Elaine Hayes, Leader Development and Talent Management Consultant, Zurich

What are your top tips for doing well in an interview?

This is your opportunity to show how great you are and the potential you have, so go in there believing in yourself. That will come across really well. It sounds really obvious, but a lot of people don't prepare well. Find out about the industry you're looking to get a job in, about the organisation you want to work for, and if you know people who work there, ask them about their experience. You may be nervous and jittery going into the interview and the interviewer will take that into account. Things like smiling, having good body language and sitting up straight will make you feel more confident and signal to the employer that you're confident, relaxed and able for the situation.

What should you avoid doing in an interview?

The worst thing I've seen in interviews is people using the same scenario for every question when the interviewer is looking for examples of how they would display different behaviours. People tend to fall back on the same experiences they've had.

What do you look for in an apprentice CV?

When I'm recruiting for the apprenticeship programme I'm looking for different things in a CV than when I'm recruiting for a regular role in our organisation. What I'm looking for is whether or not they have the qualifications required to get into the programme and what's relevant to the role they're applying for. I don't necessarily want to see everything you've done for an organisation or in a role that you've been in.
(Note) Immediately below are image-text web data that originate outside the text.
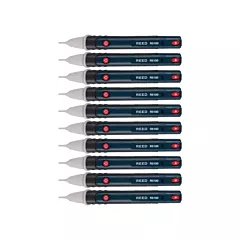 Reed Instruments Détecteur de tension sans contact avec lampe de poche, 24 V c.a. - 1000 V c.a., Affichage & son (R5110-10PK)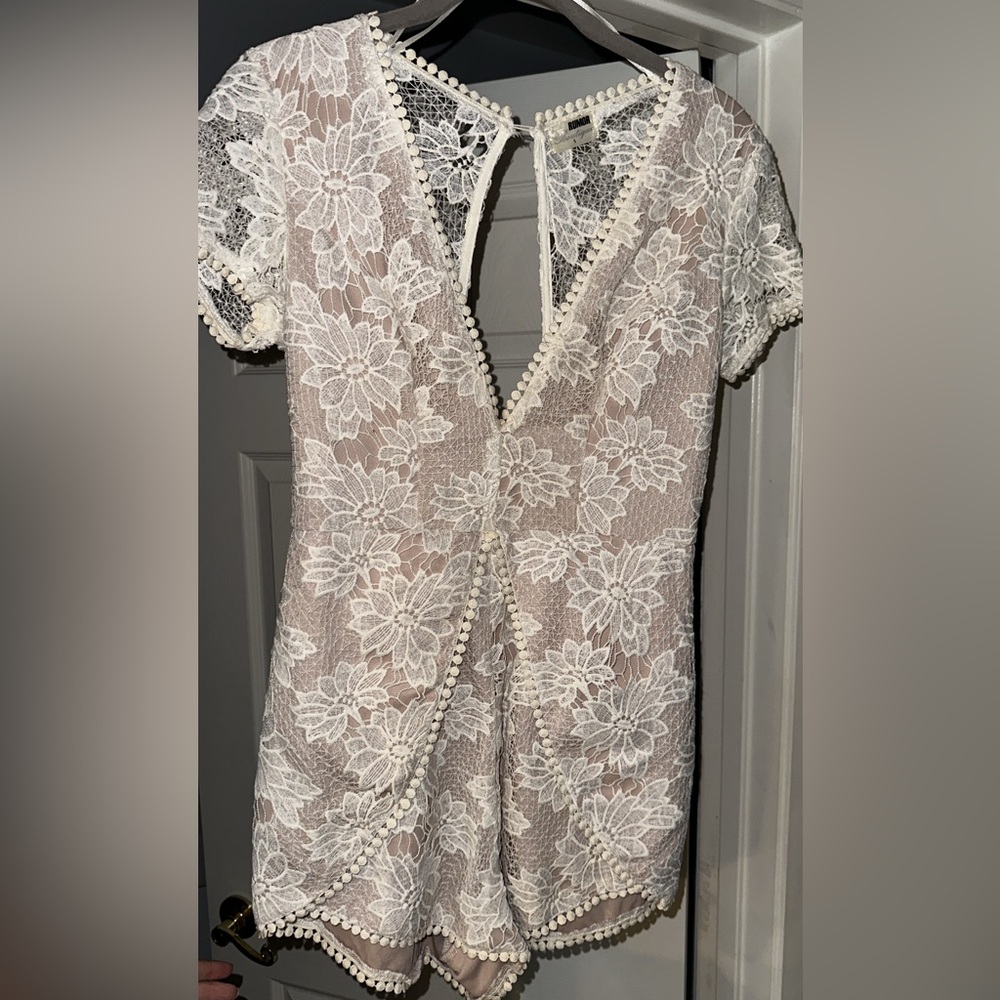 White lace romper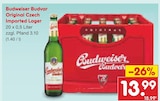 Aktuelles Original Czech Imported Lager Angebot bei Netto Marken-Discount in Dresden ab 13,99 €
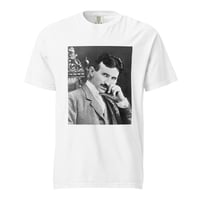 Image 1 of Nikola Tesla Portrait Unisex garment-dyed heavyweight t-shirt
I really want to see things relevant to the role as described in the job spec. I like to see a little bit about the person themselves and what are their interests outside of work. I think it shows that they have a rounded perspective and are likely to bring something additional to the role that maybe we haven't thought about before. The main thing to keep in mind when putting your CV together is how easy it is for the employer to read. For any given role I could get 40-50 CVs on my desk; the difference between one I put aside and one I read in depth is probably going to be how easy it is for me to see what this person has done in their past career.

What should an interviewee ask in an interview?

The best question I've ever been asked by an interviewee was "What has the most high-performing person in this role done that's been different to somebody else in the same role?" That showed that that person was really keen to not just do the job, but do the job well and to make sure that they were a fit for it. It showed to me that they had ambition, that they wanted to go further and be the best they could possibly be.

Any advice for someone considering this industry?

The advice I would give to someone applying for an apprenticeship programme is to make sure you really want it. It's a tough gig but it's a great opportunity and a wonderful way to get into an exciting industry, but it is a lot of work. You are working full time and studying; that isn't an easy thing to do. You have to really want this and have the passion and engagement. The company and college will give you all the support we can but if you don't want it, it's a really hard slog.

How do people benefit from an apprenticeship?

There are lots of career paths within the insurance industry. I don't think people really have an awareness of that. It's a great way to get in and try out a number of different routes that might work for you. And it's a way to see a large organisation in action while you're studying at the same time, so you’re gaining your degree and getting really valuable business experience.